◆ Provided information ◆
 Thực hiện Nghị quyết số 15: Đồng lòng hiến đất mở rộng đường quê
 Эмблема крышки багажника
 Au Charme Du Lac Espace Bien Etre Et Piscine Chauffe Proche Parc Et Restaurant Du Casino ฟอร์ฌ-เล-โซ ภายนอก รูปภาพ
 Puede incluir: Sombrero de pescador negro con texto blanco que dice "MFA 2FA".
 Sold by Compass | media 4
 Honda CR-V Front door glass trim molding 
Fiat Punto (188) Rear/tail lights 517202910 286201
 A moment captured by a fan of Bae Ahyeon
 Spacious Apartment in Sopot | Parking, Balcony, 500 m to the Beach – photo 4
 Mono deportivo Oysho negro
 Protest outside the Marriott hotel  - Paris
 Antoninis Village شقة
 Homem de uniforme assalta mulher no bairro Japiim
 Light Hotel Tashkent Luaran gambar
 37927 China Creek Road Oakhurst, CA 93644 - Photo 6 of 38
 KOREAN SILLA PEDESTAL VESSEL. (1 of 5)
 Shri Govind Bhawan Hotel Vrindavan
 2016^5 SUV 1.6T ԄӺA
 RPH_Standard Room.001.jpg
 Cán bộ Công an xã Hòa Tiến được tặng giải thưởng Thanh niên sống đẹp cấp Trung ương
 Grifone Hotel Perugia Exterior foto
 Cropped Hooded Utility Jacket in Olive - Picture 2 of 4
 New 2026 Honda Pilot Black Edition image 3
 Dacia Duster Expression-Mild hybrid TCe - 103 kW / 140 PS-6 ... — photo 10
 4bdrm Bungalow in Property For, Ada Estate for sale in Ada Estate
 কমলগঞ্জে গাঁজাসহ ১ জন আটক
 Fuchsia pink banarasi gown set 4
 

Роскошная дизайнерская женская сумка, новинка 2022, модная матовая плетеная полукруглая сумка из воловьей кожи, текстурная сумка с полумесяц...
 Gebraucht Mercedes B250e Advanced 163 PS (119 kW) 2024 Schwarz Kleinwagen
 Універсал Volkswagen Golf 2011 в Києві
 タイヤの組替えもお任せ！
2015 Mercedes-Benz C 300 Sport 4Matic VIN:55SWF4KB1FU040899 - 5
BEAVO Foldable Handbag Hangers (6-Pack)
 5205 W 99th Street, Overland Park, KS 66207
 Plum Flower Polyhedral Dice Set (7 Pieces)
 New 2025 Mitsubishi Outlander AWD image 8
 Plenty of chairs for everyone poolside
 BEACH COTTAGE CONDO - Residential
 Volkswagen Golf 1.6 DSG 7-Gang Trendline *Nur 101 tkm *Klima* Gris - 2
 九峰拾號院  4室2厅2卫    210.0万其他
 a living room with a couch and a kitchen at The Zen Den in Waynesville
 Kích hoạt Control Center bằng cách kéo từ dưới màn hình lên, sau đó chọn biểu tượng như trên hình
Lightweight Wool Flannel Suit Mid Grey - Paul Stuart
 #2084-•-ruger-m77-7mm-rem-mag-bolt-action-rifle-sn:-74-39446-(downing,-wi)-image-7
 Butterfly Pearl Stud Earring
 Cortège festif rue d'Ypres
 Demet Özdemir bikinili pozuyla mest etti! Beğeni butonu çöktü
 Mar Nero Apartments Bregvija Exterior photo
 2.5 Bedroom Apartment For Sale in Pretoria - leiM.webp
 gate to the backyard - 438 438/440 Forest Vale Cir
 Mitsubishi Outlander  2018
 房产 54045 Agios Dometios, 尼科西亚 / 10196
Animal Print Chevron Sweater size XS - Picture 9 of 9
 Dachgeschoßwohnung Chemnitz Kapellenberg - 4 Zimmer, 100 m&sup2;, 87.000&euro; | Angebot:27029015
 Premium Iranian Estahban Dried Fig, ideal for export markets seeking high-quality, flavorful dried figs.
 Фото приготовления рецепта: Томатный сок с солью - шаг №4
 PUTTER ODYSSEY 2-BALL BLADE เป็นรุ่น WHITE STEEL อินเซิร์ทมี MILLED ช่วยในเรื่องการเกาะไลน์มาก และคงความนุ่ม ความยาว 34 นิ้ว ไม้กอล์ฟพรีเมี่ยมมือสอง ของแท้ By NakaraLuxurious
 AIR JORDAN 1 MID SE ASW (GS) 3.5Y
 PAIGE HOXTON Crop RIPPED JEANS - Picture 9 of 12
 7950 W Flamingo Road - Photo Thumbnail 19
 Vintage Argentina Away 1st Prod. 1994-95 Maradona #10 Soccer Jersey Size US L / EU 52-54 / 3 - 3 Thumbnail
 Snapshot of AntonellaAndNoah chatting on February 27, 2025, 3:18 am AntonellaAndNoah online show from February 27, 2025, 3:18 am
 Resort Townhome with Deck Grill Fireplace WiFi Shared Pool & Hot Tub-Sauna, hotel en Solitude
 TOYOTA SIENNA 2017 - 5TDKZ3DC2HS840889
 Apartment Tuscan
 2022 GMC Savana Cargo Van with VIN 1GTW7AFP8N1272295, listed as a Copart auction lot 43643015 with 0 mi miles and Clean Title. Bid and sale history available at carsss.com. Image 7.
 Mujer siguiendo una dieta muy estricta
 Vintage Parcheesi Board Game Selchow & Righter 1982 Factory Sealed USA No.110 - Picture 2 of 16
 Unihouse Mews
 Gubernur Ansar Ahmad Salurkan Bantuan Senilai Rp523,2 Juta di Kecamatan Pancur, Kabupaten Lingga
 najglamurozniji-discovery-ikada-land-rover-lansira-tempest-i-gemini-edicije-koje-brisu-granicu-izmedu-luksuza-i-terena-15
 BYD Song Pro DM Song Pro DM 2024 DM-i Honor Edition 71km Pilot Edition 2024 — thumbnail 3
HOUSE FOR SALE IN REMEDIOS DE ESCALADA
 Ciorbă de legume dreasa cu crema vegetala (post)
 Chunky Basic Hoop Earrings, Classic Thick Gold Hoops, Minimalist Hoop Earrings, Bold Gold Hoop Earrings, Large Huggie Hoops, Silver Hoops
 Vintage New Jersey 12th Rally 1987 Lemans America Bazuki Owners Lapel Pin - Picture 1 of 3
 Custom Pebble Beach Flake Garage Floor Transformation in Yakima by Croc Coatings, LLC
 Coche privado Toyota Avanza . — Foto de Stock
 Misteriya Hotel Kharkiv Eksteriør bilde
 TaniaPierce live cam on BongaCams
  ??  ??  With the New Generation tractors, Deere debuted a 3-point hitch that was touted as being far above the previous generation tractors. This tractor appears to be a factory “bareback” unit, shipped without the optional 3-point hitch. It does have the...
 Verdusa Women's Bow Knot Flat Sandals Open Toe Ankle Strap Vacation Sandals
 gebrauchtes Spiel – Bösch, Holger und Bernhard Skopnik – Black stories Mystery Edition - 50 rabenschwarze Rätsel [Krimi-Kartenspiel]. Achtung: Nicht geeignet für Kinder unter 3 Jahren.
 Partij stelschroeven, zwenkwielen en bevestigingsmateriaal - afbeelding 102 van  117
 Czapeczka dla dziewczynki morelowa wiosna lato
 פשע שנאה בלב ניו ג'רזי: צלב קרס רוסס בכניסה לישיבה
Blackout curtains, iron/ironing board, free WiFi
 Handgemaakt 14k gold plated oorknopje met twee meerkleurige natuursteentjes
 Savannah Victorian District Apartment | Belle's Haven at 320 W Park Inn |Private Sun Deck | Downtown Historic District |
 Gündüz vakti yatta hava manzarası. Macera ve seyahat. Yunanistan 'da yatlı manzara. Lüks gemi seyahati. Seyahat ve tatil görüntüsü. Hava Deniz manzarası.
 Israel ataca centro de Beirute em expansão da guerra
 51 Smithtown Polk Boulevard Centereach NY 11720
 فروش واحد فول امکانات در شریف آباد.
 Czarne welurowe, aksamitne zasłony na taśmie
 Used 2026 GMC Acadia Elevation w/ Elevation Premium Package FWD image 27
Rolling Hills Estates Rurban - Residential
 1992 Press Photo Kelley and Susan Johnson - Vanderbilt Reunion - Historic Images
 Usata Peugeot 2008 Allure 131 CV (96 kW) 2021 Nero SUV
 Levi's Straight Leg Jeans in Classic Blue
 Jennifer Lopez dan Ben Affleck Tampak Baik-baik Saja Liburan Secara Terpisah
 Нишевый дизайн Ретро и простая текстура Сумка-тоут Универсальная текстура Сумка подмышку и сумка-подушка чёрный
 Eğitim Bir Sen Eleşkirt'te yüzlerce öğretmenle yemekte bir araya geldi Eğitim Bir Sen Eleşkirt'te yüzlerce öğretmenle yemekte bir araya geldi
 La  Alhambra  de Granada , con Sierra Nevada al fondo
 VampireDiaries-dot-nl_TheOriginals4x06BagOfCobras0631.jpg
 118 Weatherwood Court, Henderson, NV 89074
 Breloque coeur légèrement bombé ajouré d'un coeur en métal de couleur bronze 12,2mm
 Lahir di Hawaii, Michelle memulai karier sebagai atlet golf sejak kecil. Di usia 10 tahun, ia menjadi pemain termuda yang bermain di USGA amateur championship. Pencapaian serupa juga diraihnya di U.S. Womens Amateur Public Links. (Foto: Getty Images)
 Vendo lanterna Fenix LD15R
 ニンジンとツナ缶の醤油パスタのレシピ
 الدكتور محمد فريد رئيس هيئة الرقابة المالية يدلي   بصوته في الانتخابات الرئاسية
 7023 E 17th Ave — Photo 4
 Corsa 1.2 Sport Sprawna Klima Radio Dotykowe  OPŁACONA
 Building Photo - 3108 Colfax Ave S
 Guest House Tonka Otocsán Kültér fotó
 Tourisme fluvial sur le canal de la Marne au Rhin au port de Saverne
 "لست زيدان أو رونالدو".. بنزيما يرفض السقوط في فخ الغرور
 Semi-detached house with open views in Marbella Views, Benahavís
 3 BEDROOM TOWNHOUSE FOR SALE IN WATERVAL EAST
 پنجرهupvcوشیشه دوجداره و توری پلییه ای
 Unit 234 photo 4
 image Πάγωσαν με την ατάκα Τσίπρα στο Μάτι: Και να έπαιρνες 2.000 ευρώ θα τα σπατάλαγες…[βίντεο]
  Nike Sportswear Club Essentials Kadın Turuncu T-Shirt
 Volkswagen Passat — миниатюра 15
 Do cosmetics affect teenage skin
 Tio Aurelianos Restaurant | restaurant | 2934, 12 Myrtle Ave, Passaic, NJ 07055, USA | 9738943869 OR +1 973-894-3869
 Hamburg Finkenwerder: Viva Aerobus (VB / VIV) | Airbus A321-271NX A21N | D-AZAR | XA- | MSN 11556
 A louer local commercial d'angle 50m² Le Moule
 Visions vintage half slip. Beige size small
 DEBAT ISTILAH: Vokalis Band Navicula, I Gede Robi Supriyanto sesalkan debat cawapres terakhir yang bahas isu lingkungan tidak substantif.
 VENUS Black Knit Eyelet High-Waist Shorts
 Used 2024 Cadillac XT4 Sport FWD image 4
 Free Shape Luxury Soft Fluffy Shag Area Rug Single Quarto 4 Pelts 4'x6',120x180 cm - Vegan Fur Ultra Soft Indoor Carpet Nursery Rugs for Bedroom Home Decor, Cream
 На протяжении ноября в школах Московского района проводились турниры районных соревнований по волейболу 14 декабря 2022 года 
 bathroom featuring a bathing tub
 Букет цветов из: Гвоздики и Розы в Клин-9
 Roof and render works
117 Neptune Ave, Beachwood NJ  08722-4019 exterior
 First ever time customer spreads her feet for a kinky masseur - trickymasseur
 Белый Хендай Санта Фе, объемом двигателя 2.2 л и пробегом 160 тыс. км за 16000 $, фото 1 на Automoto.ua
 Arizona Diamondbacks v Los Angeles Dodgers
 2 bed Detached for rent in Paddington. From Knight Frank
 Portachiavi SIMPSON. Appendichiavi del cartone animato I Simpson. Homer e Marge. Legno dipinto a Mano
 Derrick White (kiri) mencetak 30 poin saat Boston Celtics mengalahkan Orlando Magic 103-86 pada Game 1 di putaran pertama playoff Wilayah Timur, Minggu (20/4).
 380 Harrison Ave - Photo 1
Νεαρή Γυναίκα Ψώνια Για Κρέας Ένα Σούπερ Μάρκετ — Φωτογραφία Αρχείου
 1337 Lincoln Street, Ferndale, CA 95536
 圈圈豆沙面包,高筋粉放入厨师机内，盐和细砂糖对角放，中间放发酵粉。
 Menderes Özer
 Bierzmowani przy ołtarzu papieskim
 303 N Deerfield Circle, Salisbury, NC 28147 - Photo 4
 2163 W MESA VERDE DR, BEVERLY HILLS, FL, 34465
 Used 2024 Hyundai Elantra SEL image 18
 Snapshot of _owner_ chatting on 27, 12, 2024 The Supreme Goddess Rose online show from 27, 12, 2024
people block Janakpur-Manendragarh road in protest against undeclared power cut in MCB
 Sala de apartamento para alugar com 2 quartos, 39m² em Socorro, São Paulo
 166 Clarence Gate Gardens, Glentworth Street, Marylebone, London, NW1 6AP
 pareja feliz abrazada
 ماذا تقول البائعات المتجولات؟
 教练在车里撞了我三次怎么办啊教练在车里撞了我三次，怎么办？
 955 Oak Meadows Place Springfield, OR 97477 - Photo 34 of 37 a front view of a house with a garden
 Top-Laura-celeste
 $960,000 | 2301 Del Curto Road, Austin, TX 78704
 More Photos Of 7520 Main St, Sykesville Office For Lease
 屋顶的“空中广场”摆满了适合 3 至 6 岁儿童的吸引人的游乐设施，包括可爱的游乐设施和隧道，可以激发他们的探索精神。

◆ Problem statement ◆
Look for "Derrick White (kiri)" in the records. Write out its line and every later line through the end exactly, with nothing more.

◆ Written answer ◆
 Derrick White (kiri) mencetak 30 poin saat Boston Celtics mengalahkan Orlando Magic 103-86 pada Game 1 di putaran pertama playoff Wilayah Timur, Minggu (20/4).
 380 Harrison Ave - Photo 1
Νεαρή Γυναίκα Ψώνια Για Κρέας Ένα Σούπερ Μάρκετ — Φωτογραφία Αρχείου
 1337 Lincoln Street, Ferndale, CA 95536
 圈圈豆沙面包,高筋粉放入厨师机内，盐和细砂糖对角放，中间放发酵粉。
 Menderes Özer
 Bierzmowani przy ołtarzu papieskim
 303 N Deerfield Circle, Salisbury, NC 28147 - Photo 4
 2163 W MESA VERDE DR, BEVERLY HILLS, FL, 34465
 Used 2024 Hyundai Elantra SEL image 18
 Snapshot of _owner_ chatting on 27, 12, 2024 The Supreme Goddess Rose online show from 27, 12, 2024
people block Janakpur-Manendragarh road in protest against undeclared power cut in MCB
 Sala de apartamento para alugar com 2 quartos, 39m² em Socorro, São Paulo
 166 Clarence Gate Gardens, Glentworth Street, Marylebone, London, NW1 6AP
 pareja feliz abrazada
 ماذا تقول البائعات المتجولات؟
 教练在车里撞了我三次怎么办啊教练在车里撞了我三次，怎么办？
 955 Oak Meadows Place Springfield, OR 97477 - Photo 34 of 37 a front view of a house with a garden
 Top-Laura-celeste
 $960,000 | 2301 Del Curto Road, Austin, TX 78704
 More Photos Of 7520 Main St, Sykesville Office For Lease
 屋顶的“空中广场”摆满了适合 3 至 6 岁儿童的吸引人的游乐设施，包括可爱的游乐设施和隧道，可以激发他们的探索精神。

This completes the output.